Fatima Hassouna ( Photo )

Fatima Hassouna: elle était devenue « l’Oeil »de Gaza

La très jeune journaliste et reporter photographe palestinienne Fatima Hassouna, 25 ans,  a été tuée le 16 avril, ainsi que dix membres de sa famille, suite a un bombardement ciblé  de sa maison située dans le quartier d’Al Touffah au nord de la bande de Gaza par l’armée israélienne. Elle était le témoin de la guerre menée  sans répit contre son peuple par l’armée de Tshalal  depuis 20 mois.

Une fin dramatique survenue quelques heures seulement après qu’elle avait été informée que le documentaire, « Put Your Soul on You,  réalisé par l’Iranienne Sepideh Farsi,  dont elle était la protagoniste et source principale du contenu, avait été sélectionné pour la 78e édition du Festival de Cannes.

« Put Your Soul on Your Hand and Walk » est donc basé sur les reportages qu’elle réalisait au quotidien  depuis la reprise du conflit israélo-palestinien  en octobre 2023. L’objectif de la reporter était de documenter et de narrer le quotidien de la population  de ce territoire martyr.Une activité très périlleuse  et sans répit  et dont elle  était consciente qu’elle pouvait en mourir. Elle avait d’ailleurs frôlé la mort lors d’un précédent bombardement (13 janvier 2024 à  qui avait déjà coûté la vie à douze membres de sa famille.

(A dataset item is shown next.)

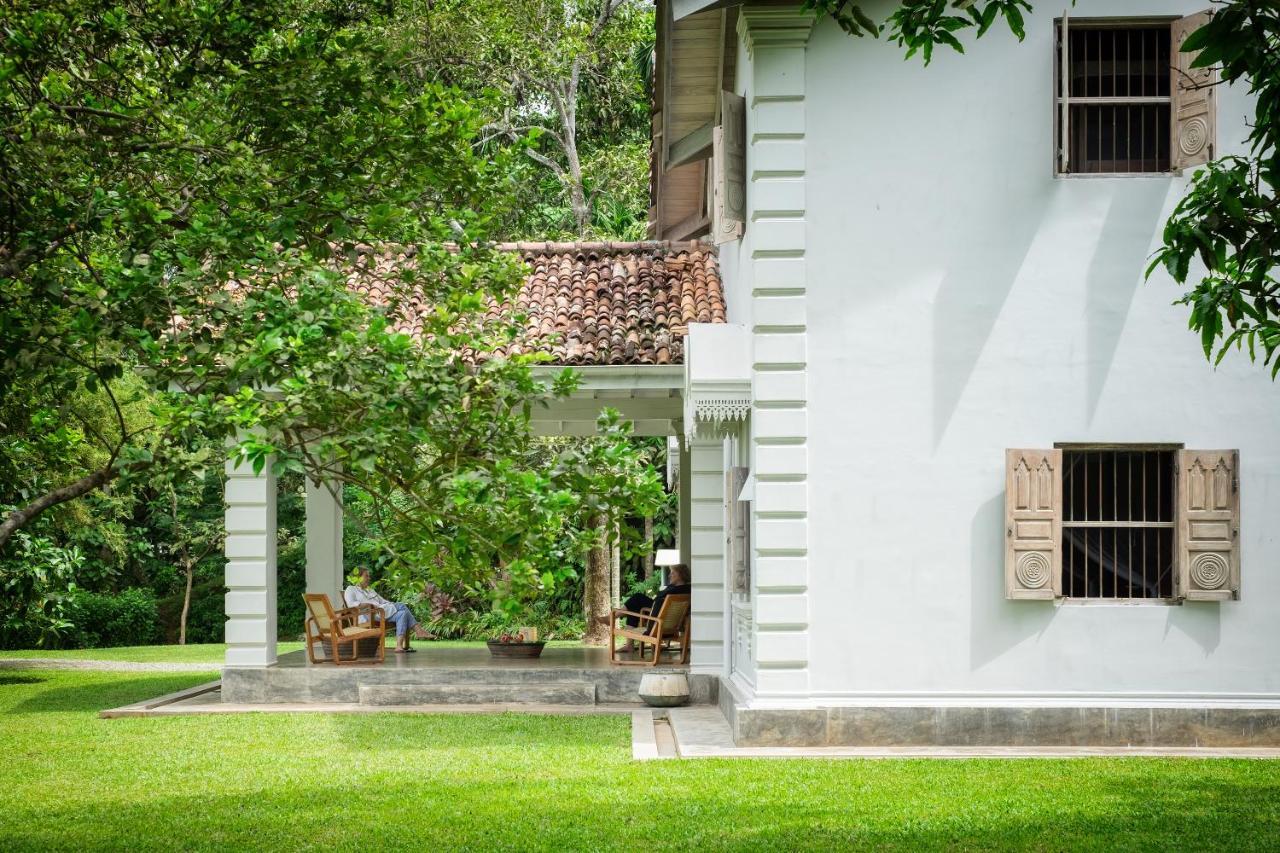 Siri Wedamadura Villa Mirissa Buitenkant foto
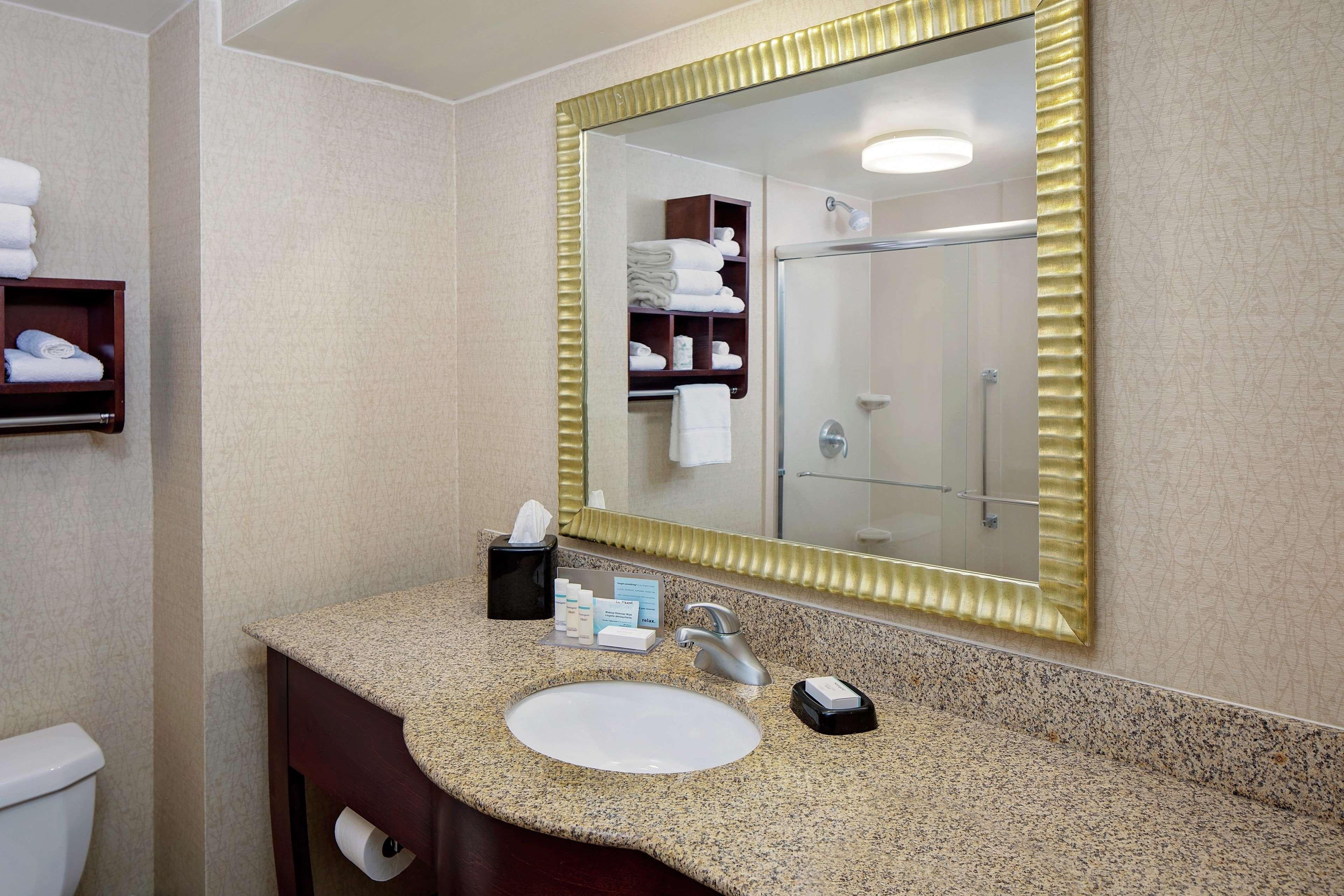 Hampton Inn Philadelphia/Віллоу-Ґров Екстер'єр фото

La diplômée en multimédia du collège universitaire des sciences appliquées de Gaza, s’était engagée sans réserve et avec passion dans cette bataille de l’info pourtant tellement inégale. En fait, Fatima Hassouna était  surtout consciente que les clichés, les images des dommages causés par les bombardements, ainsi que  les sons et les paroles  récoltés  sur le petit territoire assiégé et asphyxié par l’envahisseur, étaient l’unique moyen  pour les Palestiniens de faire connaître au reste du monde les grandes souffrances dont ils sont victimes depuis près de deux ans.

Il faut rappeler aussi que  la présence de la presse internationale  dans ce territoire en grande souffrance  est bannie par le pouvoir de Tel Aviv. Ce qui à fait dire à Francesca Alabanese, rapporteuse spéciale des Nations unies  en Palestine, à l’annonce de sa mort :  « Une énième reporter palestinienne a été tuée à Gaza. Son crime ? Faire la chronique du génocide à travers des articles et des photos percutantes ». Depuis le début de l’offensive israélienne, plus de 200  journalistes palestiniens ont laissé leur vie en tentant de faire leur devoir d’informer.

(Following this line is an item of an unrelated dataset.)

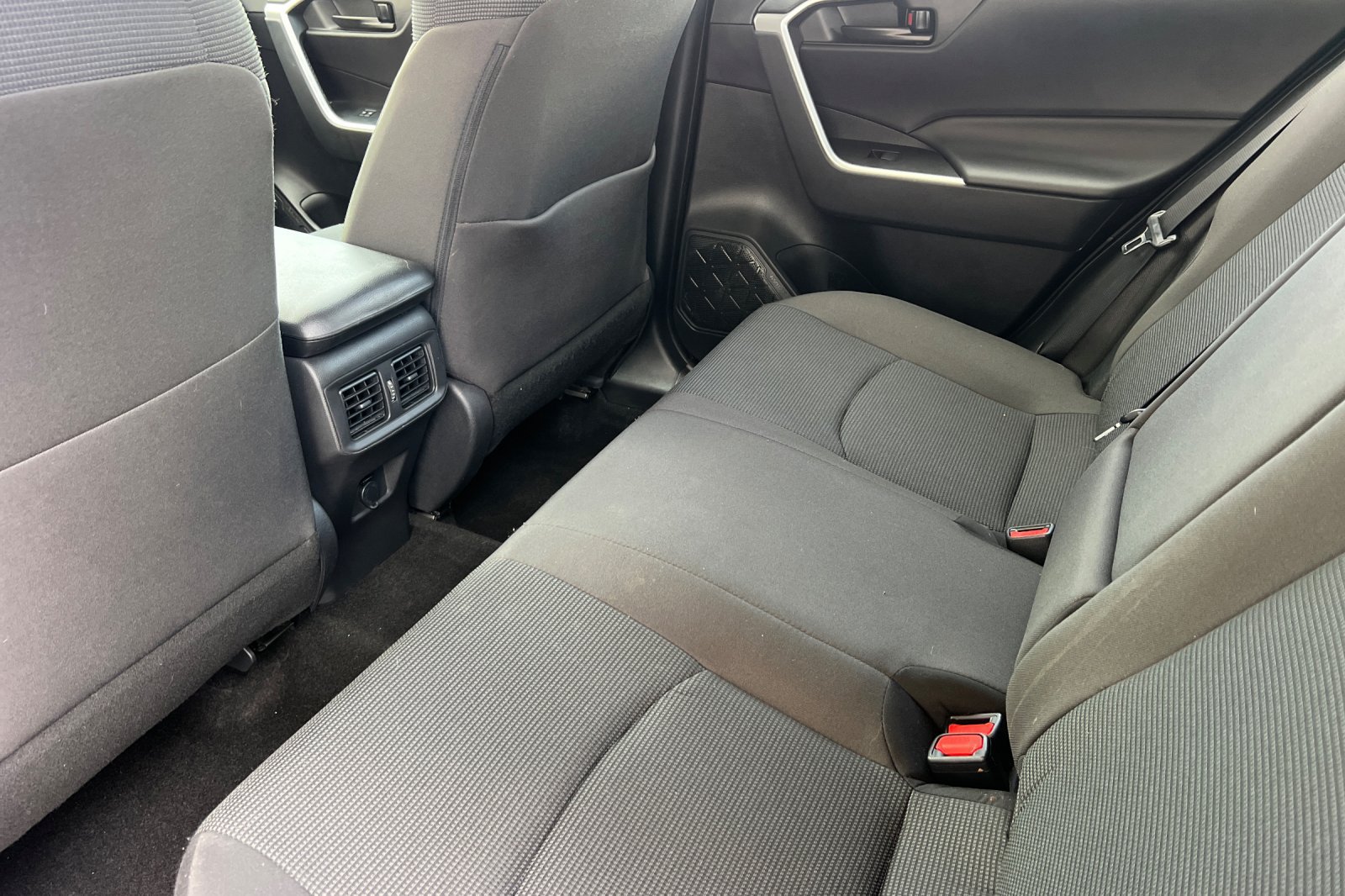 Certified 2023 Toyota RAV4 LE AWD/4WD image 12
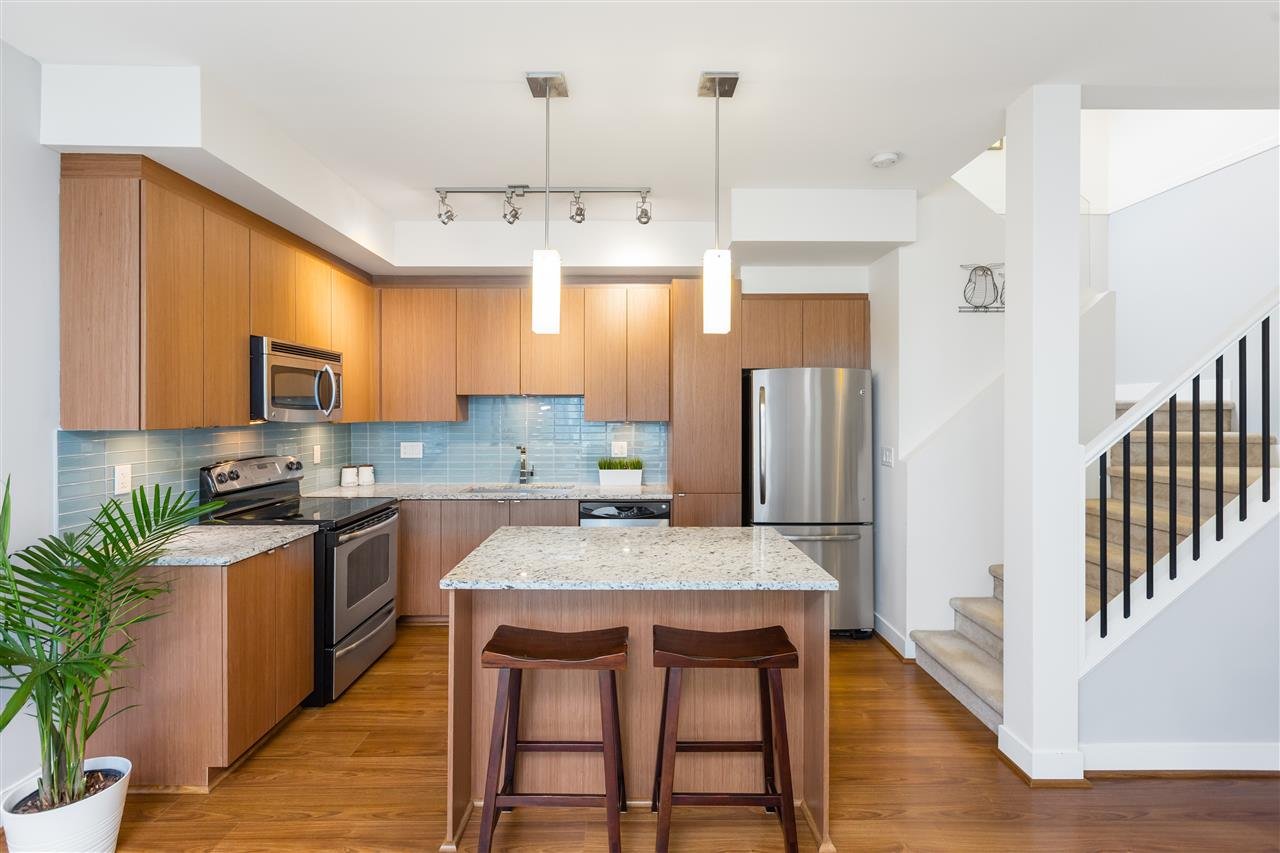 208-735 W 15th St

Si sa mort de la reporter  à fait le tour du monde et a provoqué une tempête d’émotion sur les réseaux sociaux, l’hommage le plus vrai  et le plus puissant rendu à sa brutale disparition est venu de sa partenaire dans le documentaire, la réalisatrice iranienne,Sepideh Farsi.  « Fatima est devenue mes yeux à Gaza, et moi, une fenêtre ouverte sur le monde. J’ai filmé, saisissant les instants que nous offraient nos appels vidéos, ce que Fatima m’offrait, pleine de fougue, d’énergie »,  « J’ai d’abord refusé d’y croire, pensant à une erreur, comme il y a quelques mois, lorsqu’une famille homonyme avait péri dans une attaque israélienne. Incrédule, je l’ai appelée, puis envoyé un message, un autre, et encore un autre. (…) Toutes ces existences lumineuses ont été anéanties par un doigt qui a appuyé sur un bouton, et a lâché une bombe, pour effacer une maison de plus. »

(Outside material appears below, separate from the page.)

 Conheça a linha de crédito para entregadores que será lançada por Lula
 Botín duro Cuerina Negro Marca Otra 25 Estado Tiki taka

Sepideh Farsi évoque  aussi dans les colonnes du quotidien du soir français Le Monde, avec respect et une forte empathie, le talent de la reporter de guerre  et l’organisation que les deux femmes avaient mis en place pour la construction rigoureuse de leur documentaire: « Tous les jours, elle m’envoyait des photos, des messages écrits, des notes vocales. Quand la connexion le permettait, on faisait des appels vidéo. Tous les matins, je me réveillais en me demandant si elle était toujours en vie.  On avait un pacte : je ne lui cachais rien et je lui disais où j’étais – à Cannes, à Montréal, à Nancy – et je lui envoyais des photos. Et elle partageait avec moi ses peurs, les ravages, les restrictions. J’ai vu en direct des frappes autour de Fatem, j’entendais son cri. Je me demandais si elle allait reprendre le téléphone portable qui venait de tomber de sa main après les bombardements ».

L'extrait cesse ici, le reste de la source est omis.